Like many recent spoof films, Dance Flick's source material comes from movies that don't follow what the title implies. On top of the ones already mentioned, it lampoons Ray, Little Miss Sunshine, Superbad, Black Snake Moan, Twilight and more. Also like many recent spoof movies, all it consists of is gag after gag with little regard to continuity or narrative and are inconsequential to the overall plot. After the Black Snake Moan reference, the movie transitions through a fade to another place and time. Why did it do this? Because the reference was so awkward and unneeded that they had nowhere to go. The simple solution was to just end it.

The problem here is that the jokes are in bad taste, offensive at every possible opportunity. It randomly and unnecessarily makes fun of Ray Charles' blindness and tries to create humor in suicide, blackface, child abuse and more. Why not throw a rape joke in there while you're at it?

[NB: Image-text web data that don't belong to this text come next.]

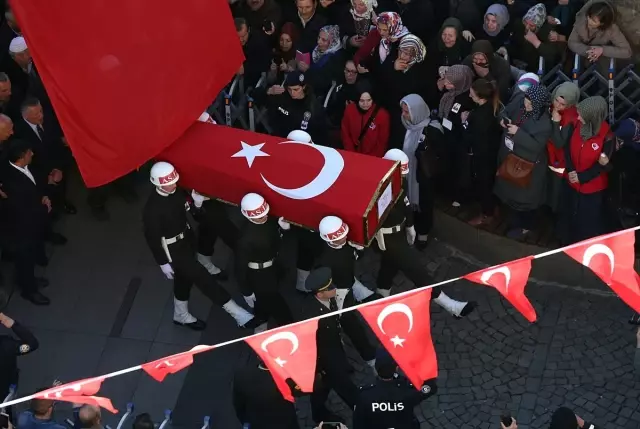 Şehit Uzman Çavuş Tuncer son yolculuğuna uğurlandı Şehit Uzman Çavuş Tuncer son yolculuğuna uğurlandı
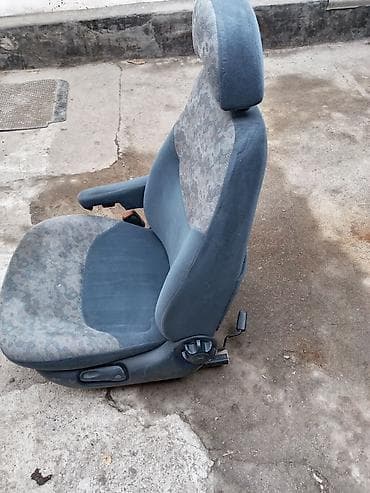 Дверные карты: Переднее сиденье, Ткань, текстиль, Volkswagen Б/у — 1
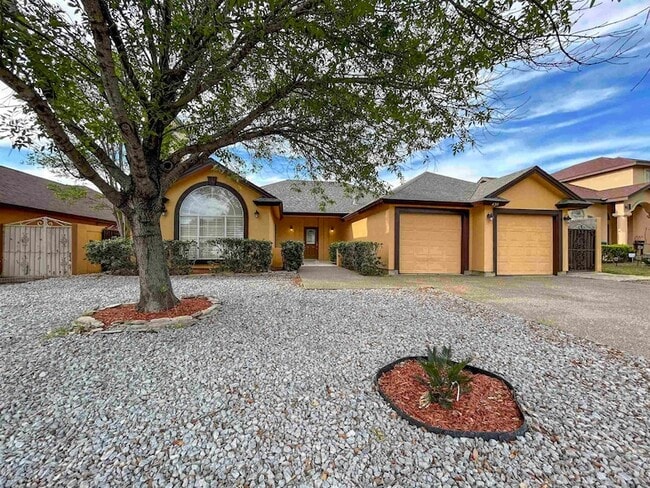430 Northstar Dr in Laredo, TX - Foto de edificio - Building Photo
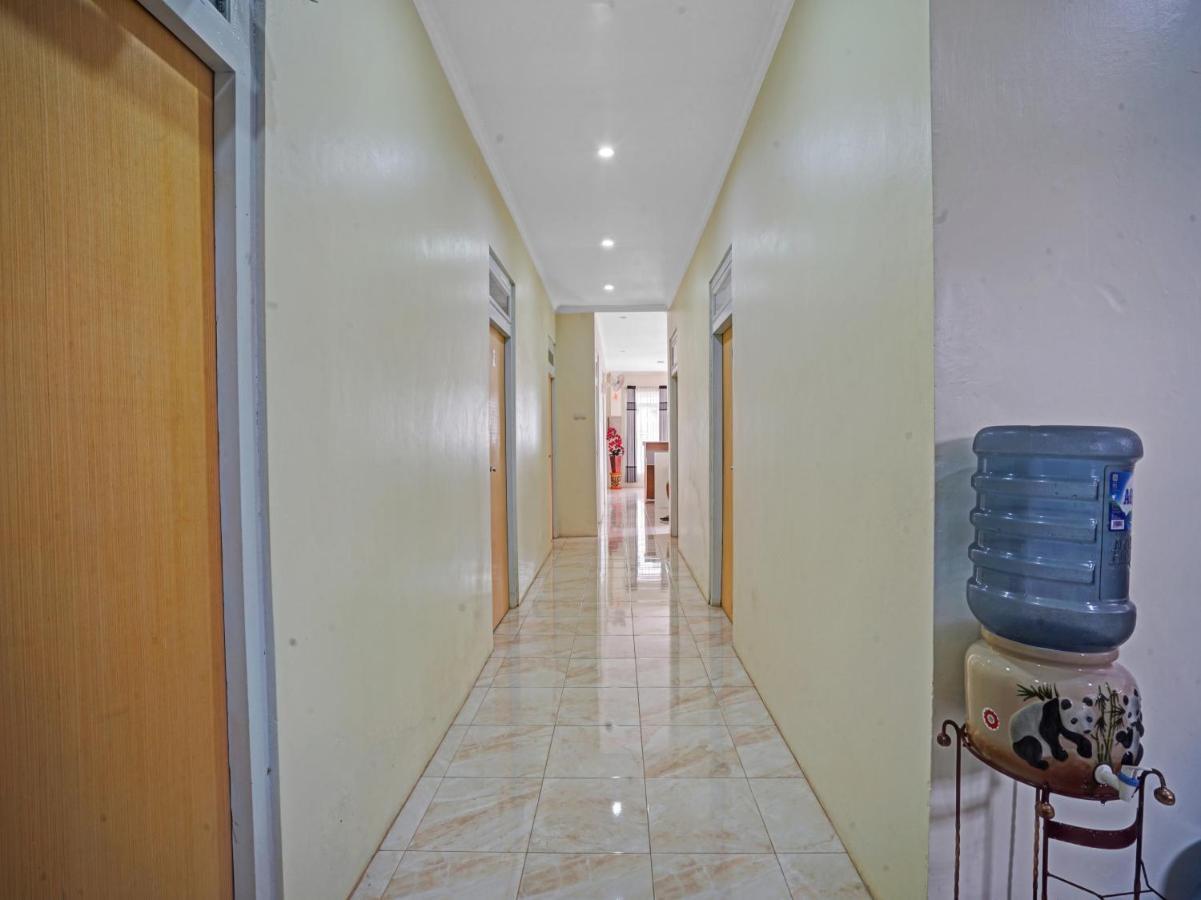 Oyo 90804 Oma Uti Homestay Syariah Jogjakarta Buitenkant foto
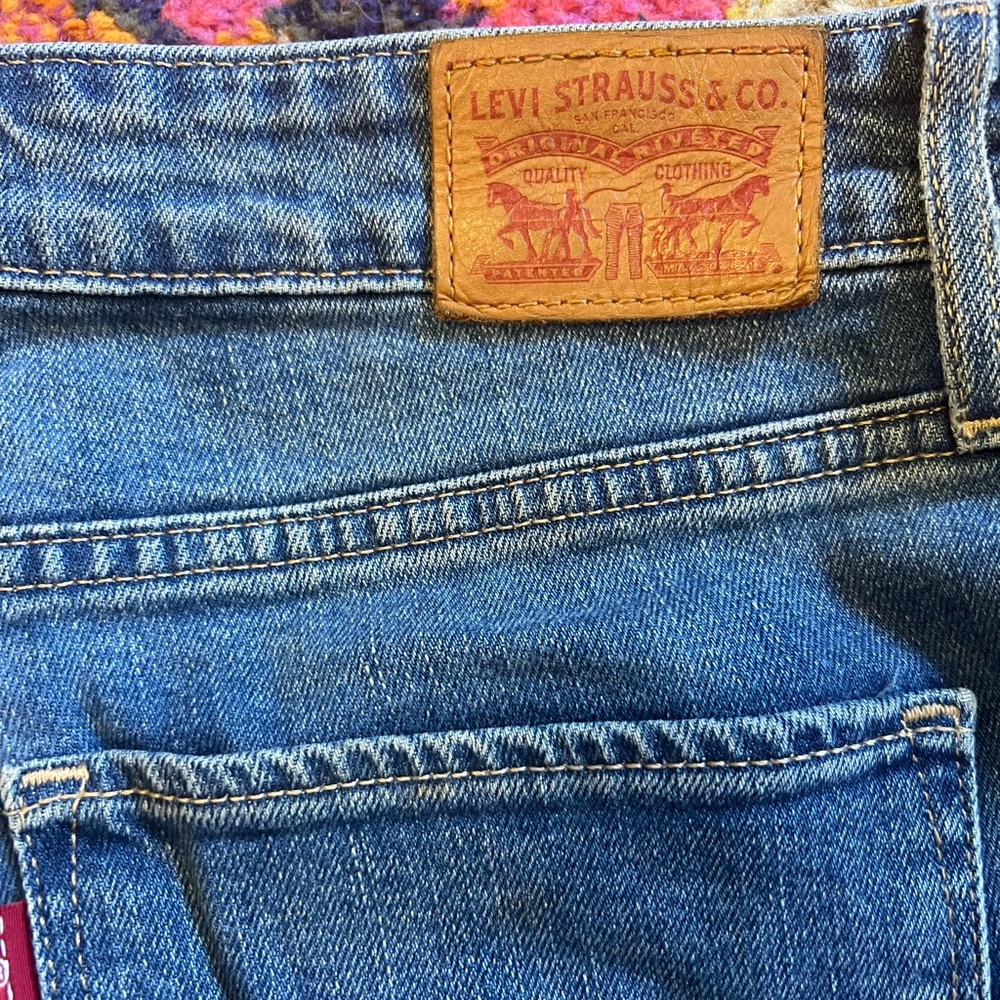 Levi's 721 High-Rise Ripped knee Skinny Jeans 30 - Picture 6 of 6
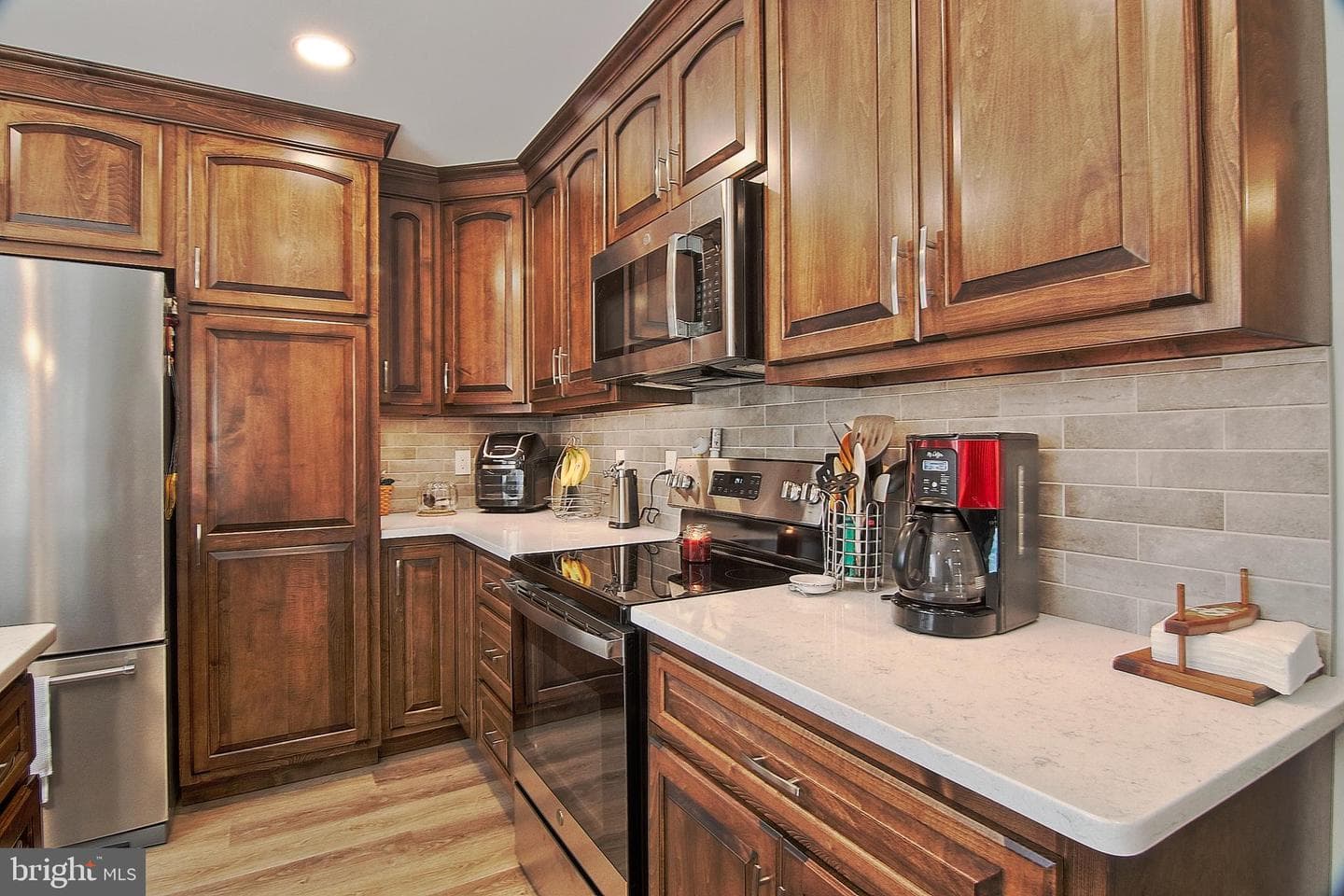 169 Henry Road photo 8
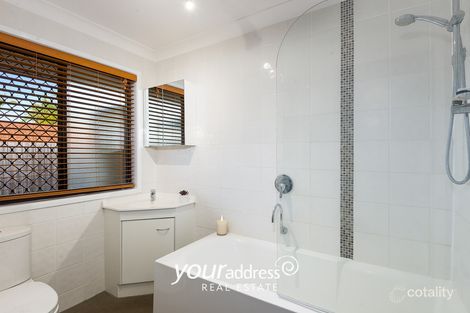 Property photo of 31 Samantha Street Boronia Heights QLD 4124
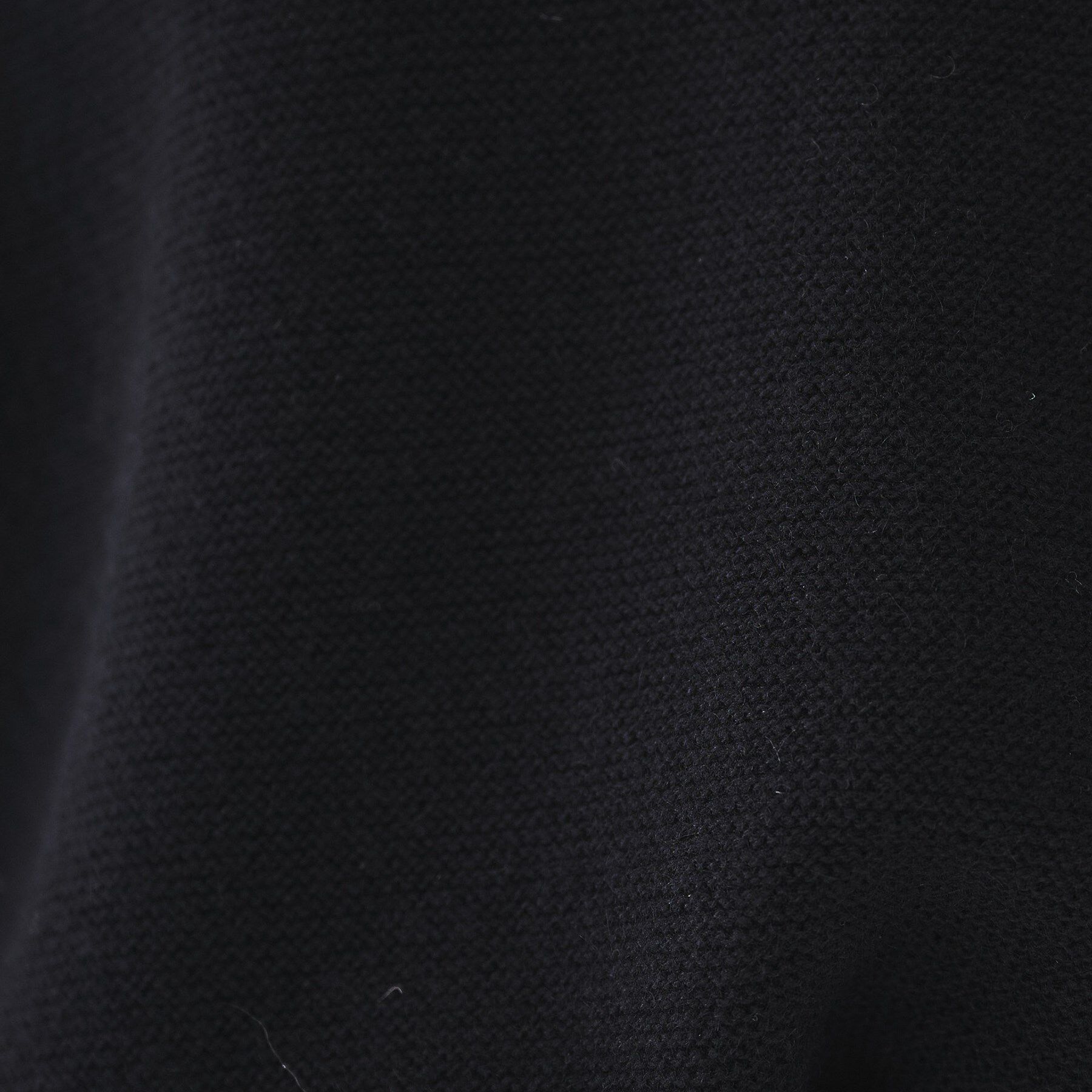 UNTITLED「【体型カバー/日本製/洗える】ウールシルクカシミヤミックス Vネックプルオーバーニット」|ニット・セーター|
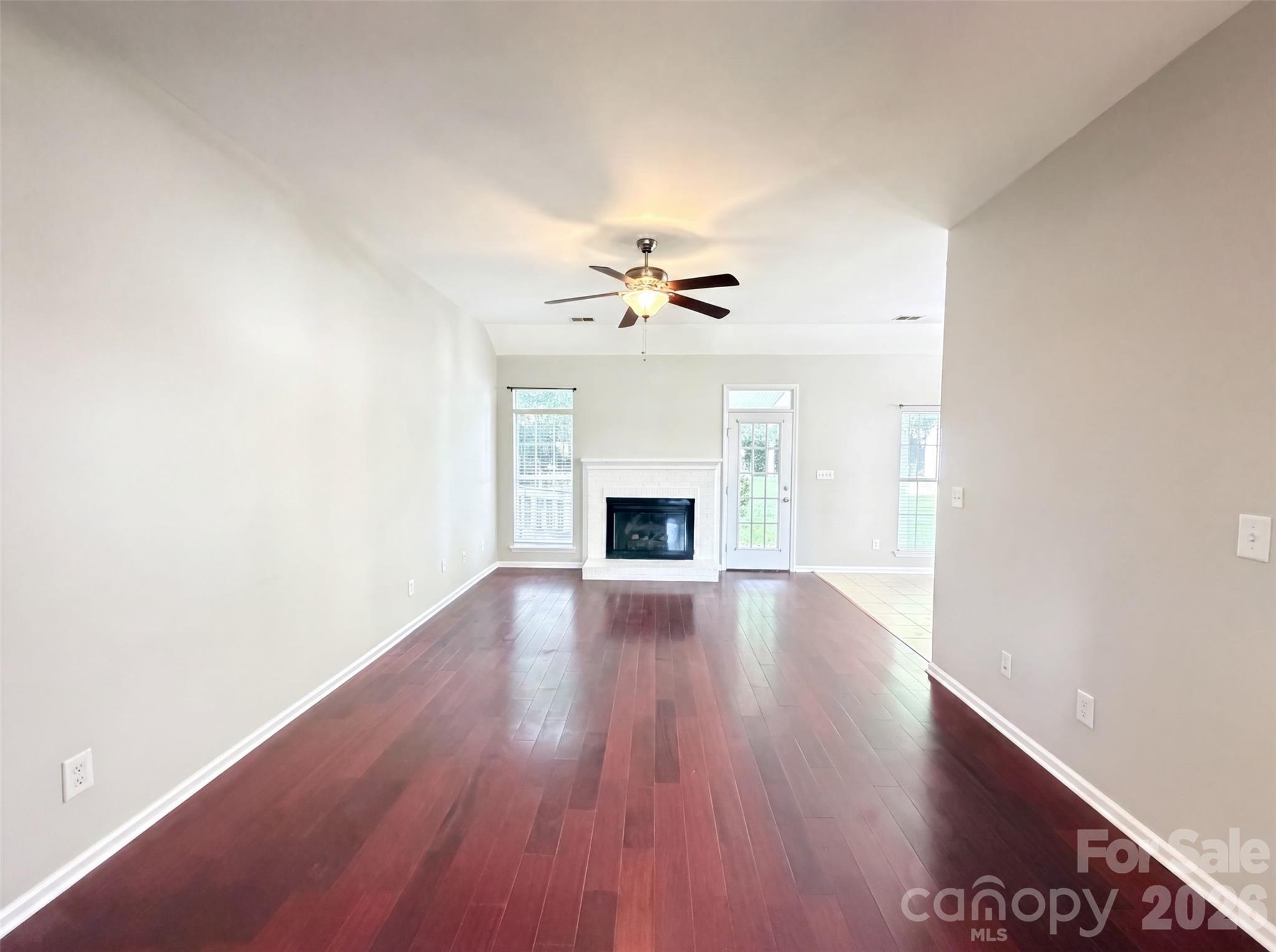 8536 Albury Walk Lane Property Photo 3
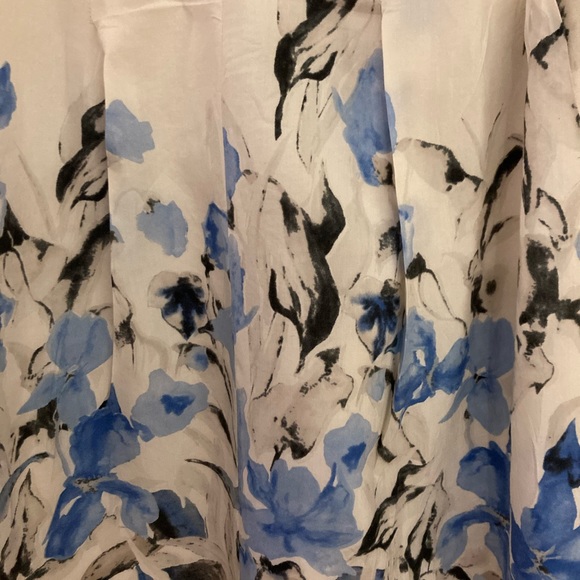 Watercolour print skirt - Picture 3 of 7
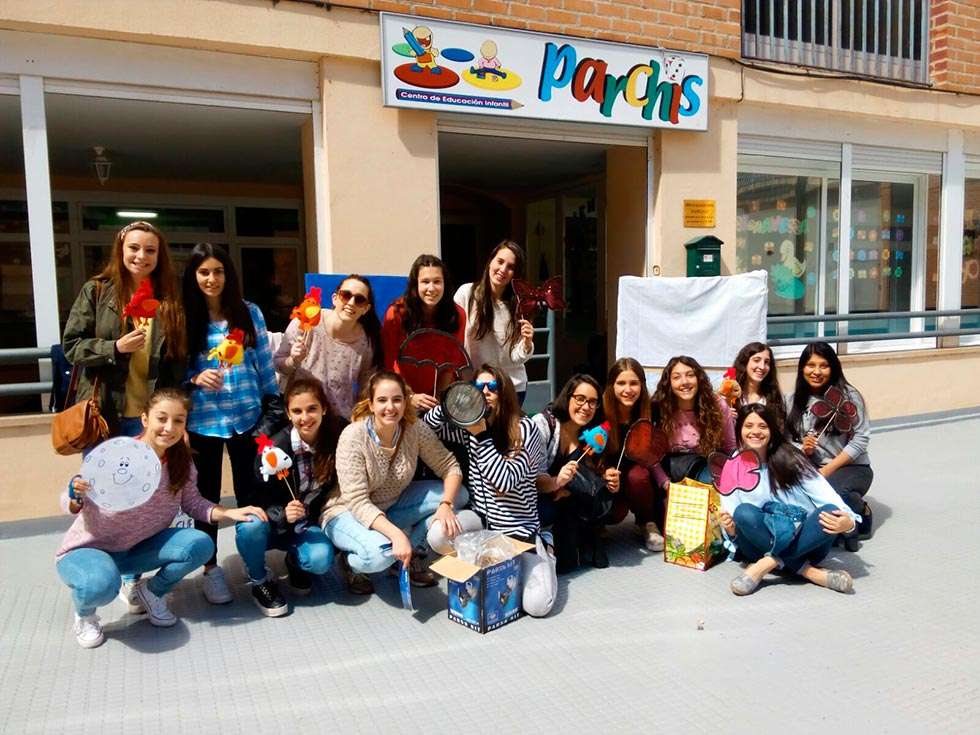 Alumnos del IES Machado aprenden pedagogías alternativas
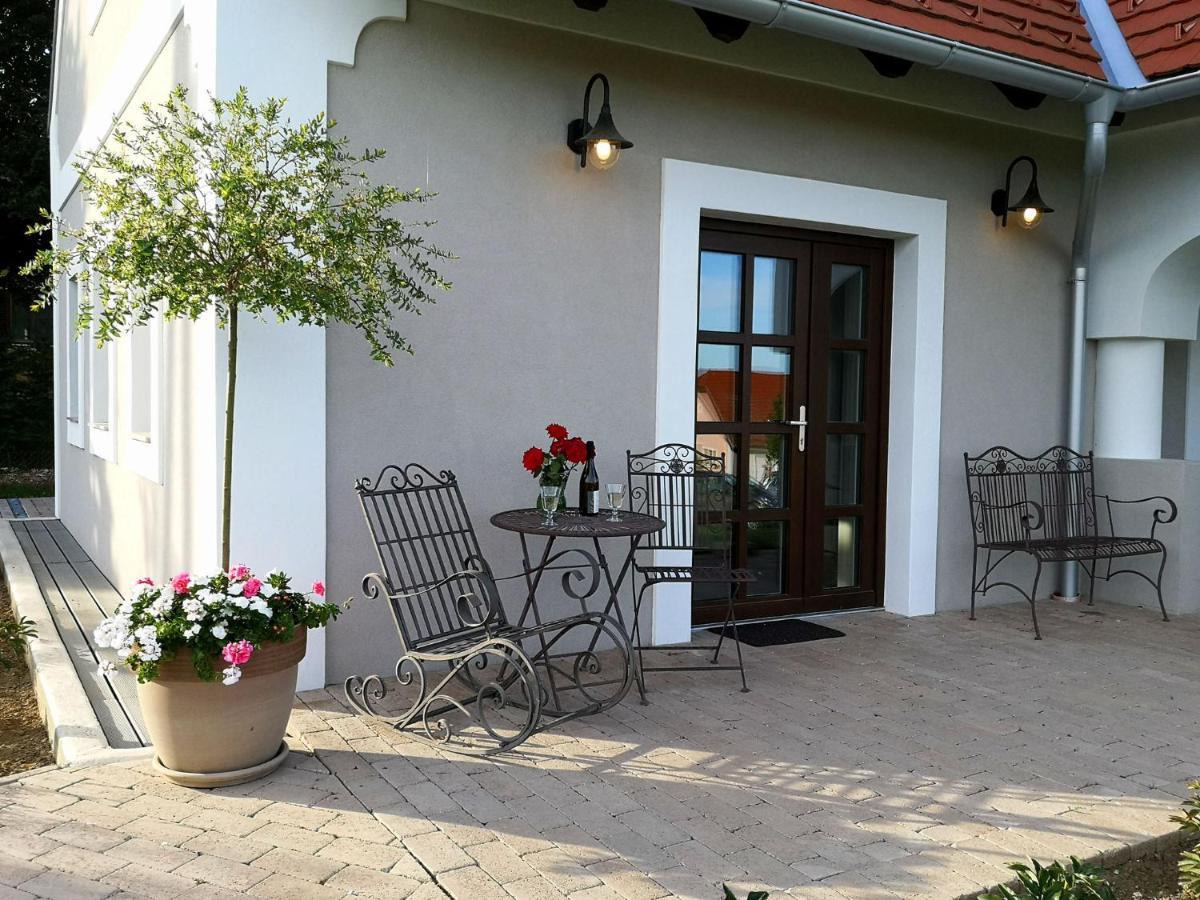 Villa Tilia Vászoly Zewnętrze zdjęcie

The jokes that aren't morally reprehensible are offensively unfunny, a fate just as bad when making a comedy. Dance Flick continually goes for the easy jokes, with punch lines that you'll see coming well before they land. At one point, Shawn Wayans' character goes to see his son. He's a neglectful father trying to make amends and when he shows up at the door, he says, "I'm here to pick up my son." So what does he do? He picks him and puts him back down. Hilarious.

The difference between the utter idiocy of this movie and the brilliance of one of the Wayans Brothers earlier spoof films, Scary Movie, is that horror is ripe for parody. Horror flicks, especially slashers, have a rigid formula that gives spoofers boundless resources for jokes. Dance films practically spoof themselves. I haven't sat through one dance movie and not laughed my ass off due to the sheer stupidity of their stories. So what this film does is merely recreate a scene from a dance movie, throw in a farting sound effect and pass it off as funny and creative. It's neither.

There was one mildy clever recurring idea here that made me smile. In all of those idiotic dance films, the only that matters to the characters is respect and Dance Flick is quick to take jabs at this foolish mindset, because we all know respect doesn't mean jack in the real world. You can have your respect. I'll take my college education.

Still, that isn't enough to salvage this debacle. While it's certainly not as bad as the Aaron Seltzer/Jason Friedberg atrocities (Meet the Spartans, Disaster Movie) that are hastily pumped out year after year , it's still a piece of crap, a celluloid abomination with little to no laughs. Dance Flick is much like the films that inspired it: shallow, arrogant and a complete waste of time.